Last year's COP28 climate forum was a fair arbitration between oil industry and competing renewable energy sectors. My understanding of the consensus is that the oil industry and renewables sectors will continue to invest within a managed energy transition, with government policies steering national and regional energy markets towards reduced carbon emissions and globally agreed climate targets while paying due attention to energy security.

Essentially, this opens up access to global funding for both oil and renewable energy sectors without recrimination, a situation that reduces activism in energy investments. And for energy economists, it will be a nightmare estimating future national and global oil demands which will additionally be impacted by the rate of renewable energy technology investments and uptake, besides the usual macroeconomics. Uncertainties or inaccuracies in global oil demand estimation can lead to oil price instability, with a negative influence on oil production investments.

Currently, the most imminent threat to oil demands across the world is the rate of electric vehicles (EVs) uptake. Unlike 10 years ago when EV technologies were nascent and experiencing doubts about their scalability, today EV unit costs continue to reduce, with mass uptake increasing especially in China, Europe, and the USA.

These countries are facilitating major production capacity expansion. At the current level of investments and research, EVs are expected to dominate the roads in 10 years.

In Kenya, we need to correctly estimate the pace of energy transition to allow the country to correctly plan its future petroleum and renewable infrastructure. Kenya, being mostly a second-hand vehicle market, will experience about a five-year lag relative to global EV uptake.

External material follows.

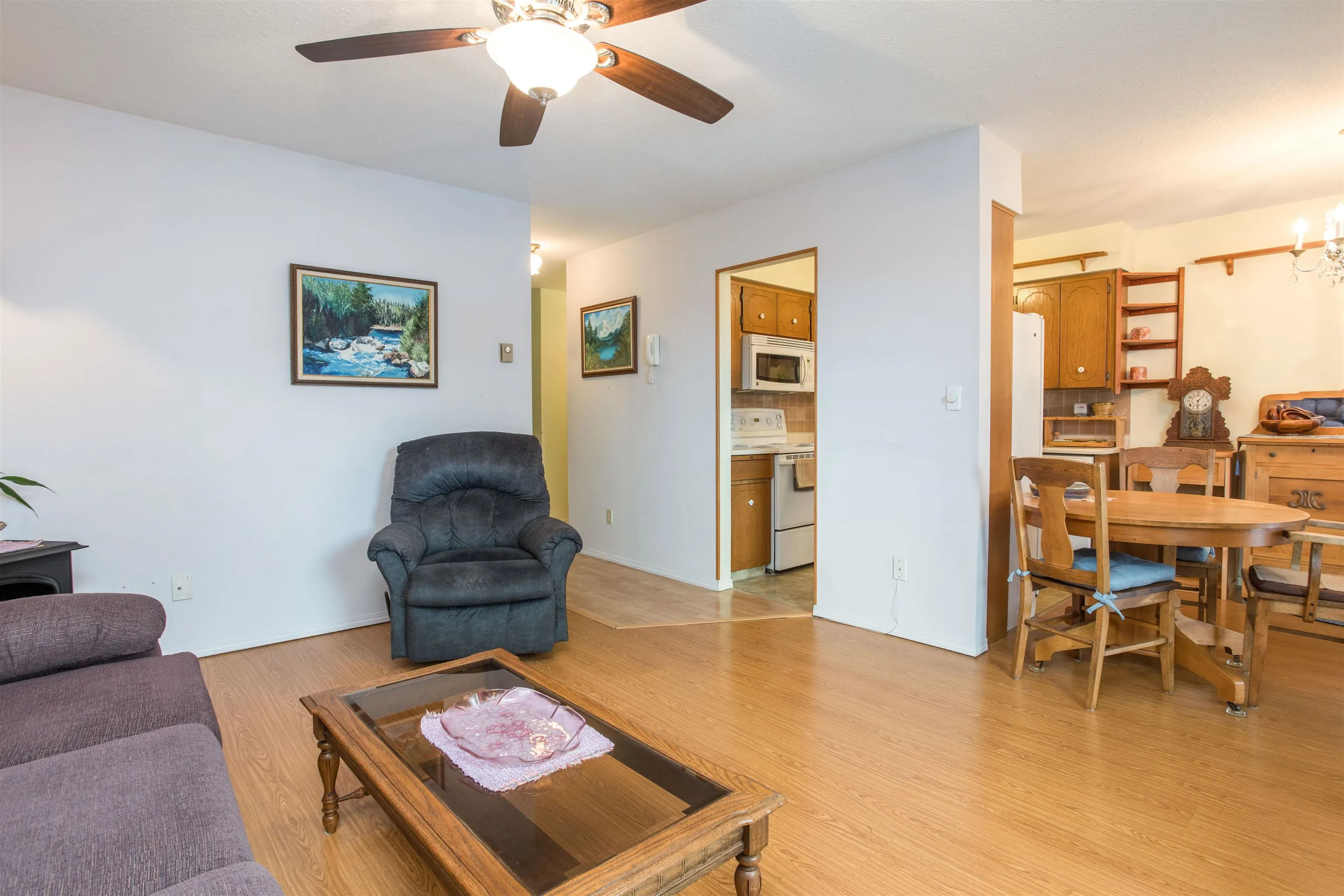 201 2853 Bourquin Crescent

However, eventually internal combustion engine vehicles will give way to electric vehicles, a fact we need to consider when planning for petroleum and EV infrastructure.

Other areas of our energy markets that will be impacted by the energy transition are the potential replacement of fuel oil in thermal power generation and heavy industries, and the solarisation of diverse equipment that traditionally use petroleum products.

In respect of Turkana oil, we still have a window of about 15 years to monetise the oil resources to earn or save foreign exchange by exporting or reducing oil imports. How and when to include Turkana oil in Kenya’s economic and energy matrix is screaming for action. Countries around the world are having to contend with how to maximise the value from their oil resources before global oil demands diminish.